Research on arts-based learning across disciplines

  • The Art of Science Learning (AoSL) initiative looked at the interrelationship between arts-based learning and innovation and creativity in STEM (Science, Technology, Engineering and Math) learners and professionals. Incorporating arts-based learning into STEM training contributes to the enhancement of students’ creative critical thinking skills, increases collaborative abilities while working within groups, increases emotional intelligence competence and leads to innovative achievements. It is where art meets with science and learning that discovery and creativity take place (Goldmans, Yalowitz, & Wilcox, 2016; Seifter, 2016).
  • Brenner (2014; 2010) studied how arts-based learning complements leadership development programs and approaches. It is through the arts-infused programming that a variety of learning styles are being addressed. It is considered to be offering a more holistic approach in leadership development by tapping into the individual competencies of the learners. Additionally, arts-based effectiveness in leadership development is based on the opportunities for critical reflective engagements and collaborative partnerships that it provides to all learners.
  • Corporate arts-based learning aims at immersing learners in the arts in order to equip them with essential skills such as leadership and management development in business, collaboration and observation skills, creative thinking, ability to relate concepts and apply vision into real situations (Naiman, n.d).

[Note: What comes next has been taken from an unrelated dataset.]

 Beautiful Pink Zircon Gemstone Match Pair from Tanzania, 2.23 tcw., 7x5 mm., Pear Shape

  • Arts-based learning can be effectively incorporated in medical education for prospective physicians to develop critical thinking and collaborative skills and to increase their confidence level (de la Croix, Rose, Wildig, and Willson, 2011). While engaging with arts-based pedagogical approaches, medical students were better prepared to communicate effectively with patients, to address the stressful demands of their service, to develop a broader awareness of the others, and acquired a better understanding on how to relate with people from diverse background.
  • Arts-based learning is in alignment with the Aboriginal values and teaching pedagogies, and has been applied successfully in the education of Aboriginal children, youth, and adult population.

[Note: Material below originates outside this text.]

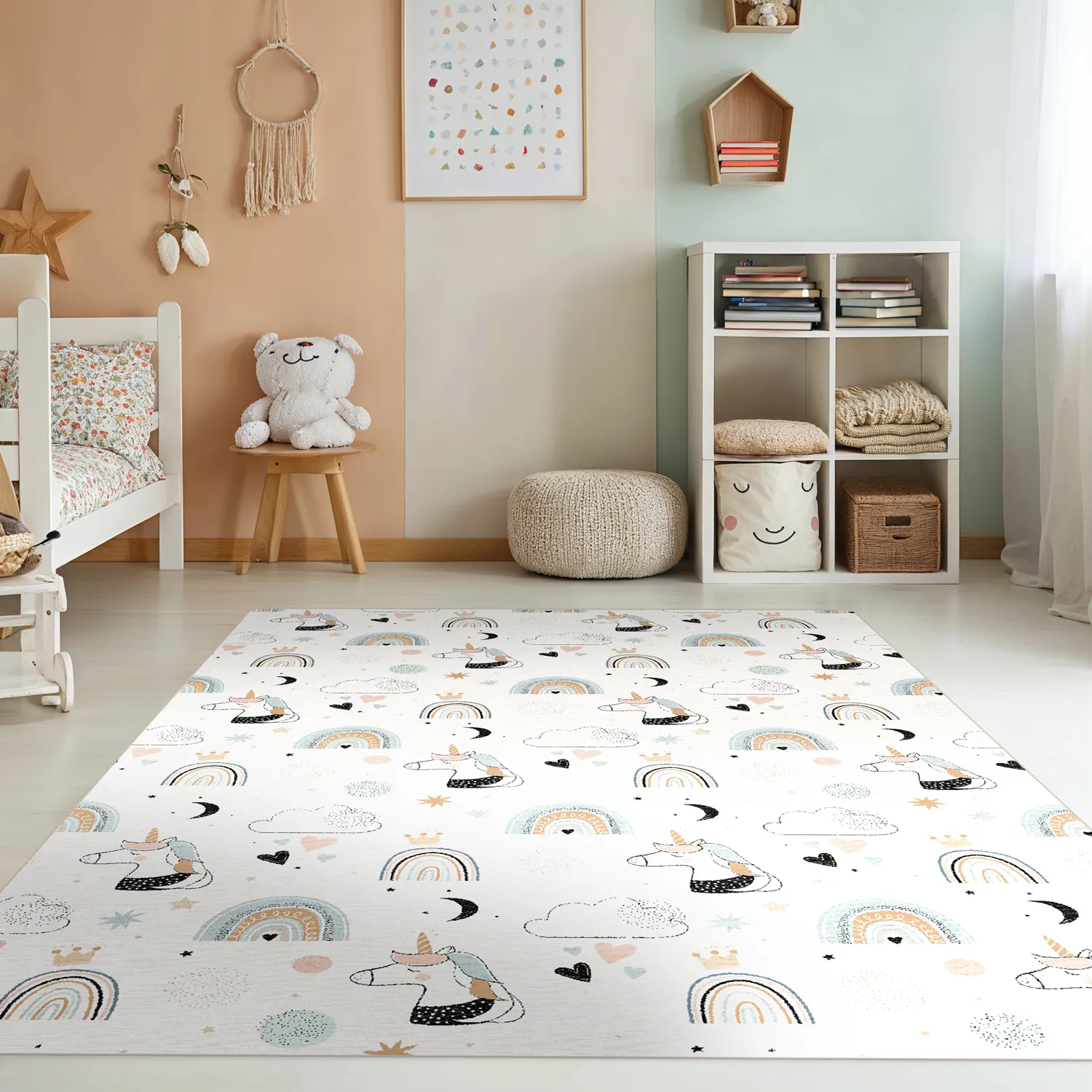 Kindervloerkleed - Unicorn Rainbow (roze)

  • University of Guelph faculty members participated in a study on the integration of arts-based learning approaches and the study and practice of civil society. More specifically, the research team looked at aspects such as collective decision making on common interests, acquiring and maintaining democratic and fair processes in civil engagement, and creating social and community relationships based on values of trust and respect on cultural diversity. Arts-based learning tools can be used for establishing and securing civil society and positive social changes, fostering the development of several skills, abilities and competencies among individuals and groups.